What the exercise asks: Reproduce every line below exactly as written; do not include the images.
Segment Start: The records
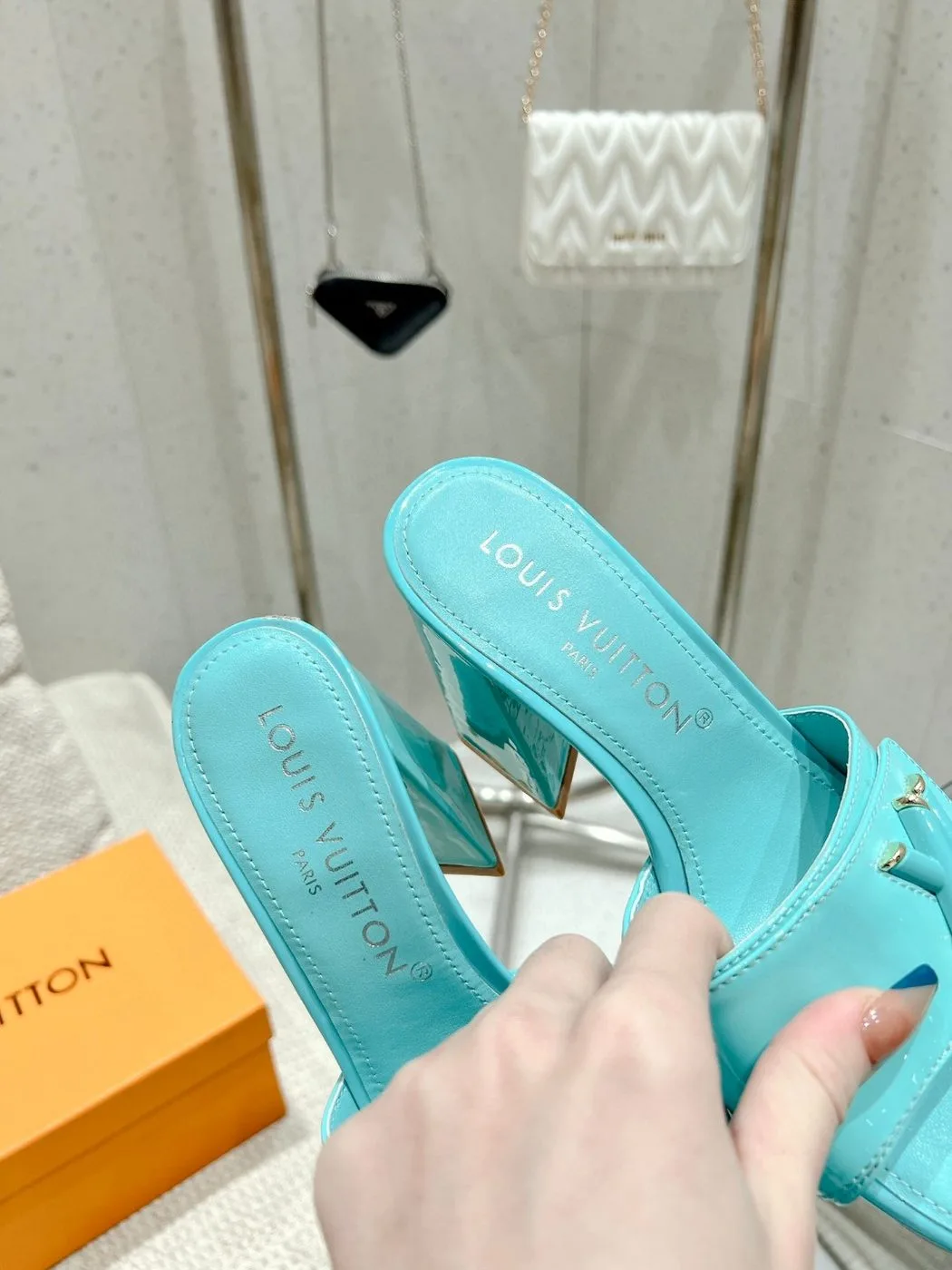 Louis Vuitton Shake Mule Jade Green - Image 3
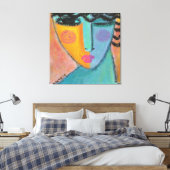 Een geheim Abstract portret van een vrouw Canvas Afdruk (Insitu (Slaapkamer))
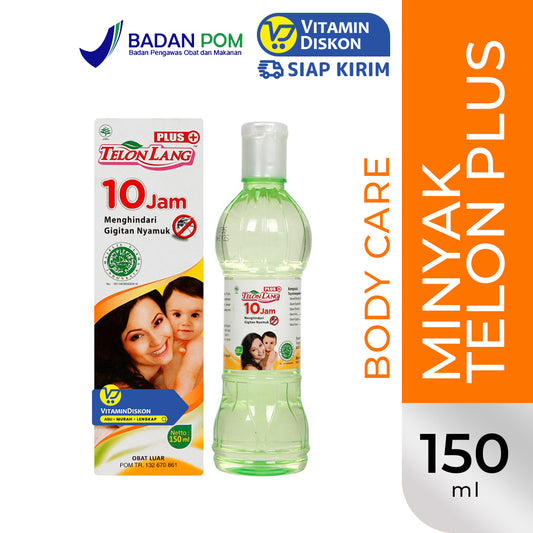 CAP LANG MINYAK TELON PLUS  ANTI NYAMUK 150 ML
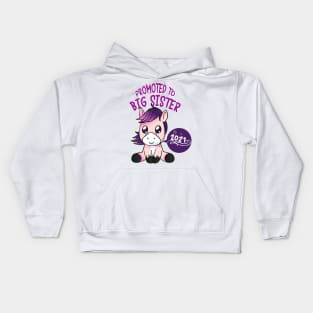 Pony Big Sister 2021 announcing pregnancy Kids Hoodie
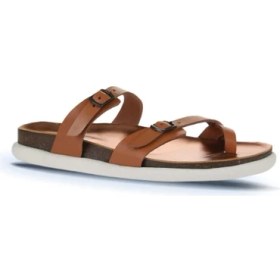 Resim Bueno Shoes Taba Parlak Deri Kadın Parmak Arası Terlik 01WS11000 01WS11000 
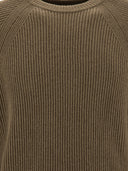 C.P. Company Lens Detail Ribbed Sweater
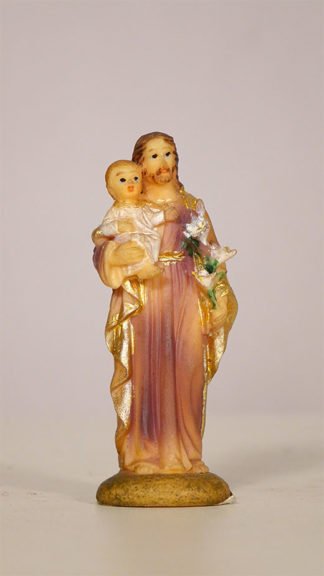 St Joseph Poly Marble Statue 3 Inch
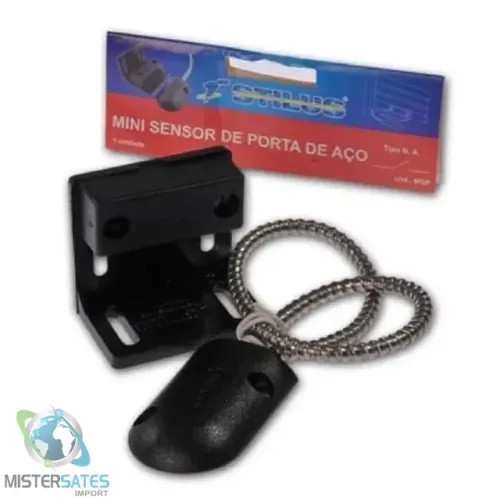 Mini Sensor De Porta De Aco E Portoes Preto Stillus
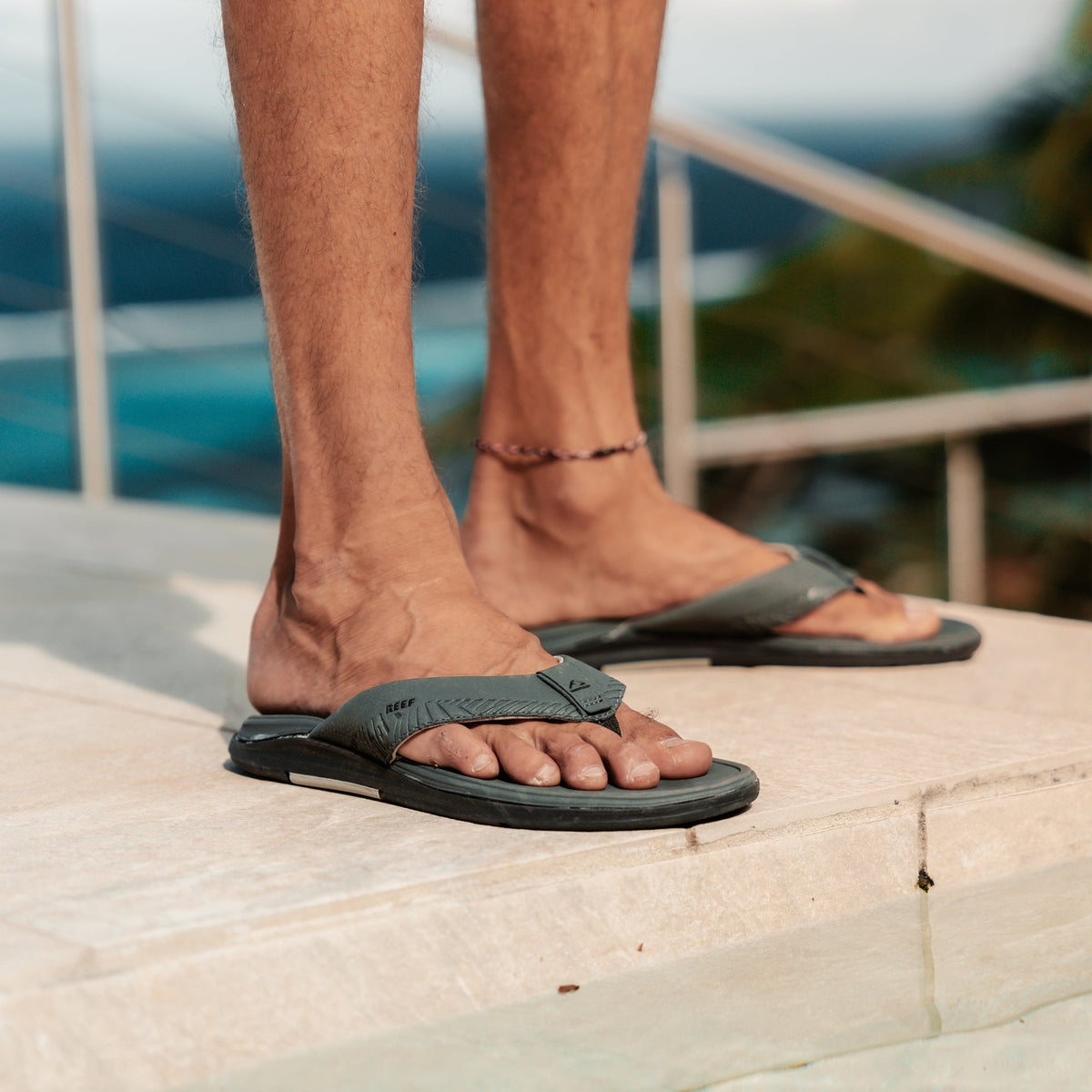 Reef Offshore Mens Sandal Grey-Black-Tan 12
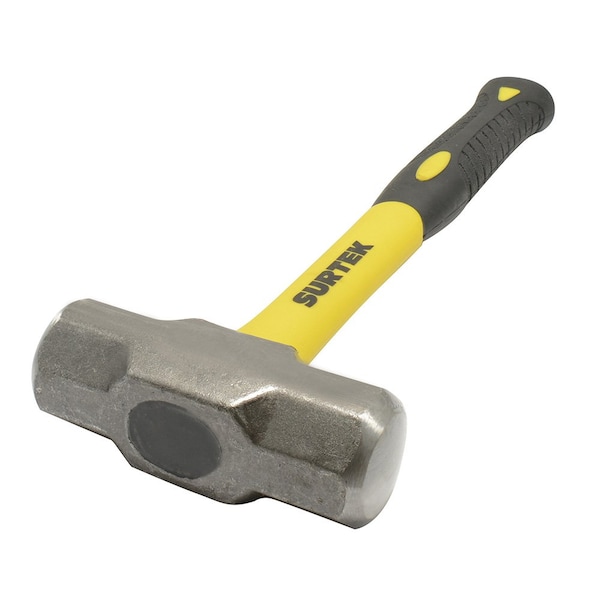 Surtek Octagonal 2-Pound Steel Hammer, Fiberglass Handle - MARR2FV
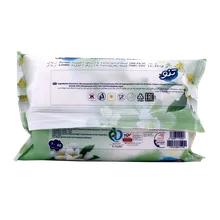 دستمال مرطوب وانیل تنو 60 عددی | Multi-purpose Vanilla-perfumed Wet Wipe - Teno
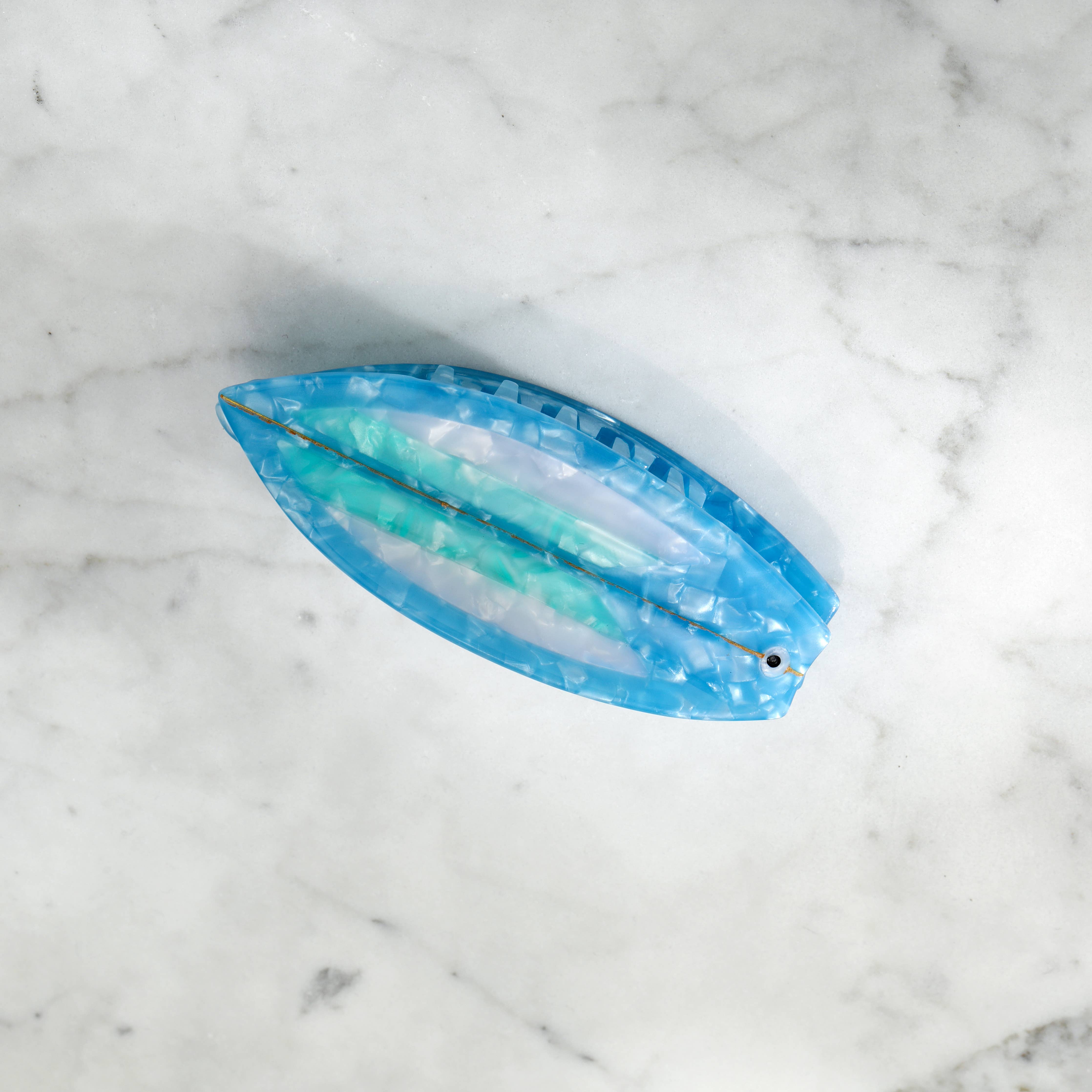 Eco-Friendly Surf's Up Surfboard Hair Clip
Segment End: The records
Answer section:
 Louis Vuitton Shake Mule Jade Green - Image 3
 Een geheim Abstract portret van een vrouw Canvas Afdruk (Insitu (Slaapkamer))
 CAP LANG MINYAK TELON PLUS  ANTI NYAMUK 150 ML
 Pony Big Sister 2021 announcing pregnancy Kids Hoodie
 Resim Bueno Shoes Taba Parlak Deri Kadın Parmak Arası Terlik 01WS11000 01WS11000 
 C.P. Company Lens Detail Ribbed Sweater
 St Joseph Poly Marble Statue 3 Inch
 Mini Sensor De Porta De Aco E Portoes Preto Stillus
 Reef Offshore Mens Sandal Grey-Black-Tan 12
 Surtek Octagonal 2-Pound Steel Hammer, Fiberglass Handle - MARR2FV
 دستمال مرطوب وانیل تنو 60 عددی | Multi-purpose Vanilla-perfumed Wet Wipe - Teno
 Eco-Friendly Surf's Up Surfboard Hair Clip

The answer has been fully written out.